Shortly after Independence, the Indian Government took various measures to step up industrial growth. The one adopted for the fledgling car industry produced great, if not immediate, results. By slapping heavy duties on import of Complete Knock Down (CKD) kits and parts, it successfully prodded companies that thrived on assembly of popular marques into manufacturing cars on Indian soil.

For years following its inception in 1944, Premier Automobiles was assembling Dodge and De Soto cars at its facility in Pune. First at its Port Okha unit and then at its new Uttarpara unit (Calcutta), Hindustan Motors assembled Morris cars and rebadged them.

Both automobile majors began to take over the manufacture of parts for cars built under licence. But the switch to independent production was gradual. For example, the Baby Hindustan, which was the Morris Minor 1000 bearing an Indian name, continued to be built alongside the production of Ambassador (based on the Morris Oxford Series III). Hindustan Motors fostered its link with the Morris Minor because of the car's enduring popularity — until the latter part of the 1960s, Morris Minor models, believed to “typify Englishness”, were in the ascendant.

A 1958 Baby Hindustan, owned by Dr. Susikaran Thangasami, is visible evidence of the fact that Hindustan Motors' romance with the Morris Minor survived (if only for a short period) a spirited initiative to carve out a completely Indian identity for its cars.

It possesses one of the biggest and most efficient engines received by the Morris Minor models — a 948cc BMC A-Series inline four. The flashing direction indicators are one of the technological advancements that swept the British car-manufacturing industry in the mid-1950s.

This 1000cc Baby Hindustan facilitates ease of driving, thanks to a rear window that is wider than those of earlier Minors. The windscreen is of one piece in contrast to those in earlier Minors which came in two compartments.

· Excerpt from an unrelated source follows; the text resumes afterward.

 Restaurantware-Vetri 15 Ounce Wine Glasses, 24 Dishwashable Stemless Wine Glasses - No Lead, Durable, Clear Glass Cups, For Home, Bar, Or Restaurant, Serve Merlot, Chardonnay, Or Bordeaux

Dr. Susikaran bought this car in 1989, but not to be kept pampered in an isolated garage as a valued antique. He elevated it to the position of his regular car, dislodging a 1966 Fiat 1100 in the process. But he did not cite daily driving as an excuse for turning it into a modern car cloaked as a Minor 1000. He has neither added nor removed anything. Which is why the car continues to have meters (barring the Smith's speedometer) and switches that are extrinsic to Minor 1000.

As he began to cut down on work in consideration of his age, he had less need for the car.

Now, the major responsibility of maintaining it is shouldered by his son, Dr. Sudhan(in pic). Despite its compactness and road-worthiness, Dr. Sudhan prefers to drive it only infrequently through the quiet lanes off Balfour Road.